Electronic transport through a C$_{60}$ molecular bridge: The role of single and multiple contacts

TL;DR

This study investigates how contact geometry, bond dimerization, and gate voltage influence quantum electron transport through a C60 molecule, revealing the importance of contact points and interference effects in conduction control.

Contribution

It provides a detailed analysis of the impact of contact configurations and molecular modifications on electron transport using Green's function and Landauer-Büttiker formalism.

Findings

Single contact leads to resonant tunneling transmission.

Multiple contacts induce interference effects altering transmission.

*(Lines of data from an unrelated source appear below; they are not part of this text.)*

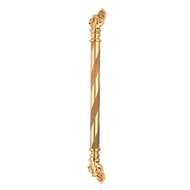 JARDIN Door Pull Handle - 700mm - Gold 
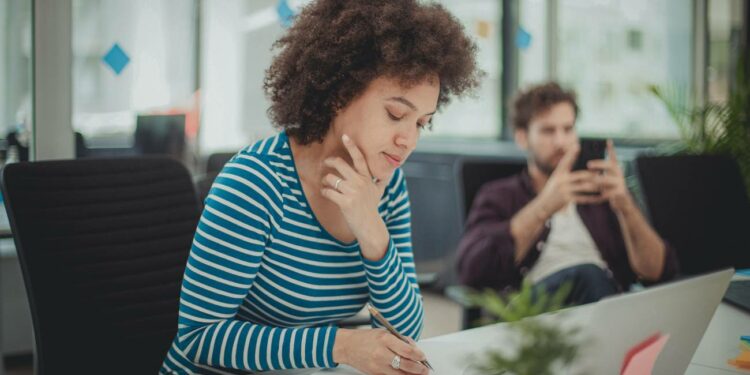 Cambios en la jornada laboral actual para mejorar la productividad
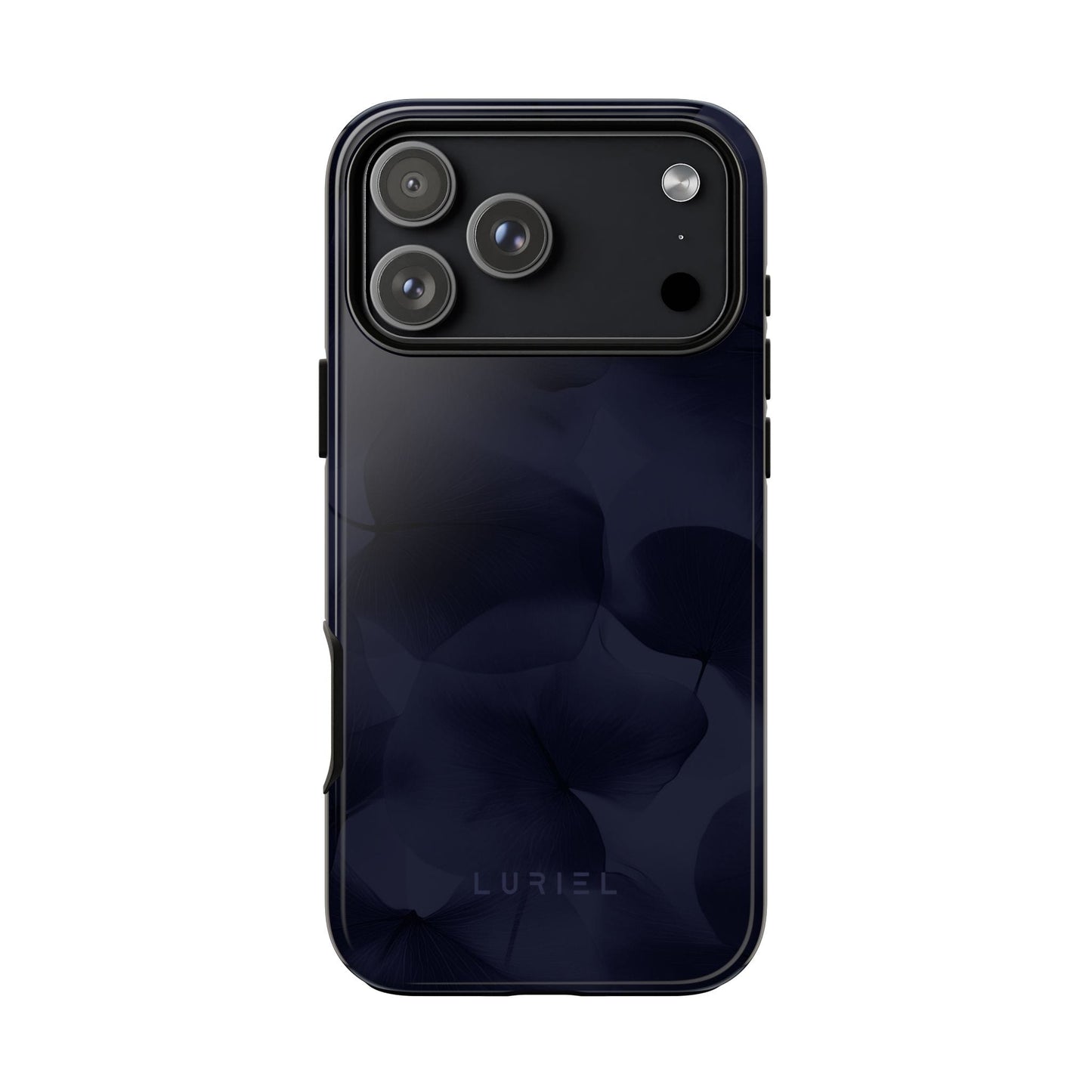 Phone Case Poetic Blue Tough Phone Case Poetic Blue Tough Phone Case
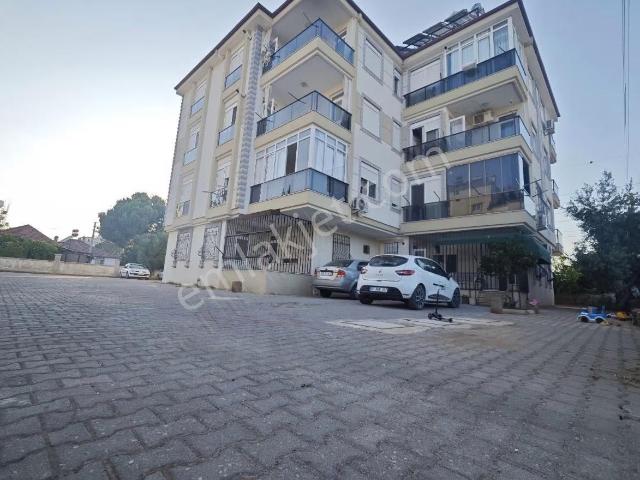 Kepez, Antalya içerisinde satılık mülk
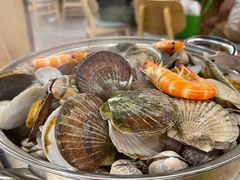 -启博美食城(孟家店)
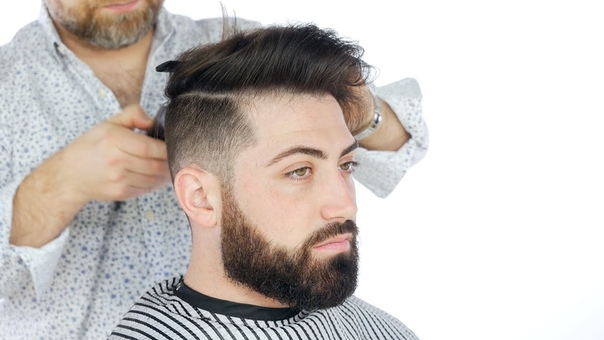 Jake Gyllenhaal Haircut The Salon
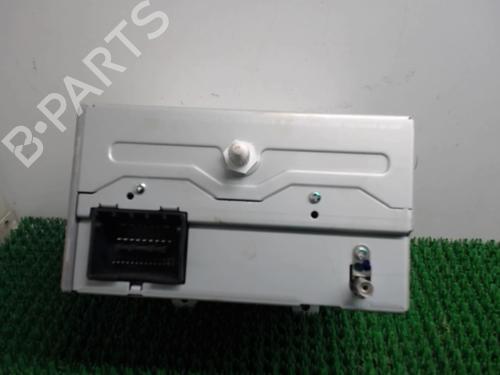 Radio OPEL ASTRA J (P10) 1.7 CDTI (68) | BP22082894E6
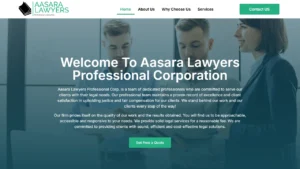 Aasara Lawyers Professional Corporation - Brampton, ON Aasara Lawyers Professional Corporation - Brampton, ON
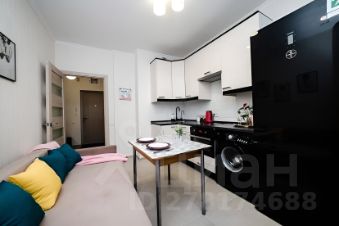 2-комн.кв., 45 м², этаж 4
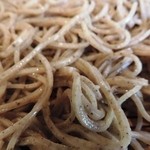 そばの実 一閑人 - 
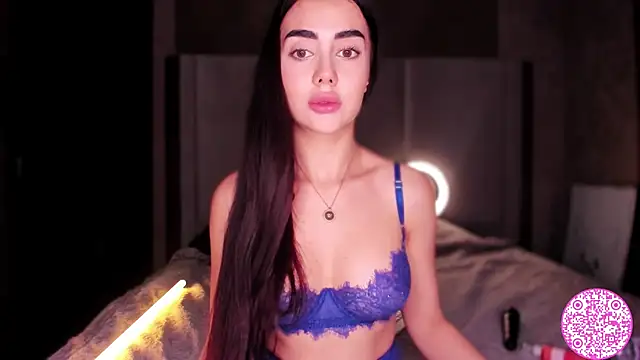 Snapshot of Lil_Gabby chatting on 20, 1, 2025 Lil Gabby online show from 20, 1, 2025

Gate voltage shifts molecular levels, enabling conduction control.

Abstract

The effects of different contact geometries, bond dimerization, and gate voltage on quantum transport through a C$_{60}$ molecule are studied by the Landauer-B\"{u}ttiker formula based on the Green's function technique. It is shown that the number of contact points between the device electrodes and the molecule can play an important role in the electron conduction. The transmission is due to the resonant tunneling when the electrodes are contacted to one carbon atom of the molecule. In the case of multiple contacts, the interference effects are responsible for the change of the transmission through the C$_{60}$. The bond dimerization and a gate voltage shift the molecular levels and by adjusting the related parameters the electron conduction can be controlled.